There are sound effects for nearly every interaction throughout the app, most of which sound very reminiscent of the sounds throughout Tweetbot 2. Don't worry, if sound effects aren't something you find beneficial to an app, you can disable them in the Settings.
The basic features are what's included in Boxie for free. The magic of Boxie's features happen with the in-app purchase that Boxie refers to as the Power Pack.
The Power Pack will set you back just under $3, but that's a small fee for what you get in return. The biggest feature, for my use of Dropbox at least, is push alerts. You not only will receive alerts if you're using the app that a file or folder has changed, but you'll also receive push alerts on your iPhone when files are added or deleted from your account.
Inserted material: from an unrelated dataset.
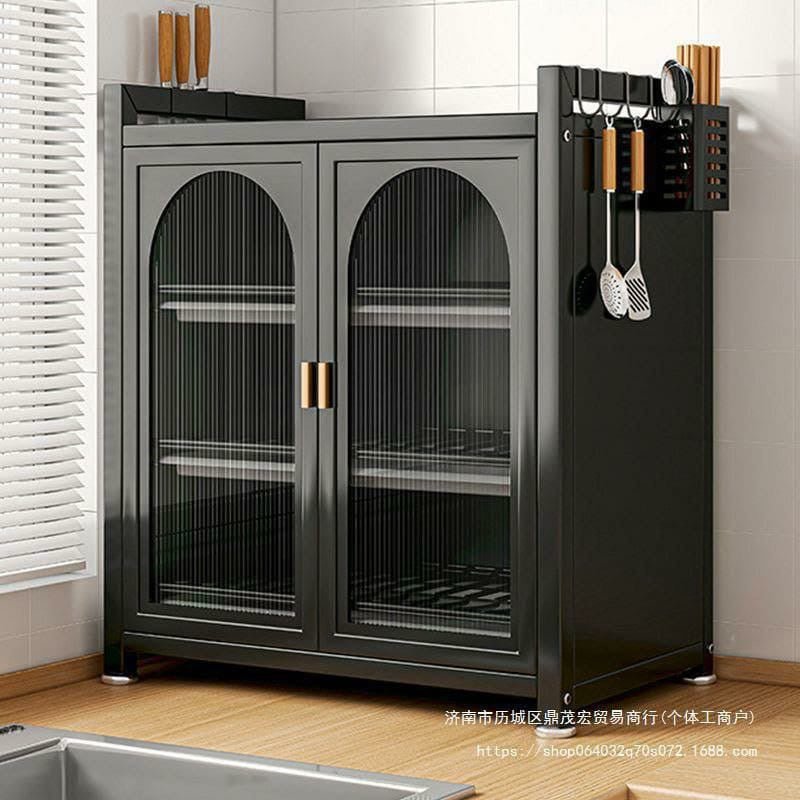 Minimalist Kitchen Countertop Dish Rack – Dual Door Storage Cabinet with Drawer - Enkaji Households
This is a critical feature for someone who is routinely waiting for files to be added to Dropbox. I do a weekly video series for another publication, and before Boxie I was constantly having to open Dropbox on my iPhone to check whether the audio files had been added to a shared folder. Now with Boxie, I receive an alert in near real-time (I've seen the alerts show up instantly, or take as long as 10 minutes to show up on my iPhone) and can begin working on the files as soon as I see the alert. Why the official Dropbox app requests permission to send you alerts but then fails to do so is beyond me.
Also unlocked in the Power Pack is the ability to view and restore past revisions of files along with deleted files. This comes in handy should you accidentally delete something, or need to recover an older version of a document.
In addition to the normal sharing methods, the Power Pack also offers a direct-sharing option for fellow Boxie users.
I've already more or less stated this, but it's worth clearly stating: Boxie is the best Dropbox app available for iPhone. There are only two drawbacks I see with the app right now.
The first is the lack of an iPad version. I do most of my mobile Dropbox management on my iPad. Being forced to work on a smaller screen isn't a deal-breaker as the most valuable part of Boxie for myself is the push notifications, but it's definitely an app that would be great on the iPad.
The lack of automatic uploads for photos and videos, akin to Dropbox's own Camera Upload feature, is the other drawback.
With Boxie on my iPhone, aside from leaving the official Dropbox app installed only to handle authorizing third-party apps that integrate Dropbox (such as iA Writer and 1Password), I see no reason to even launch the Dropbox app anymore. I only wish I could have it on iPad.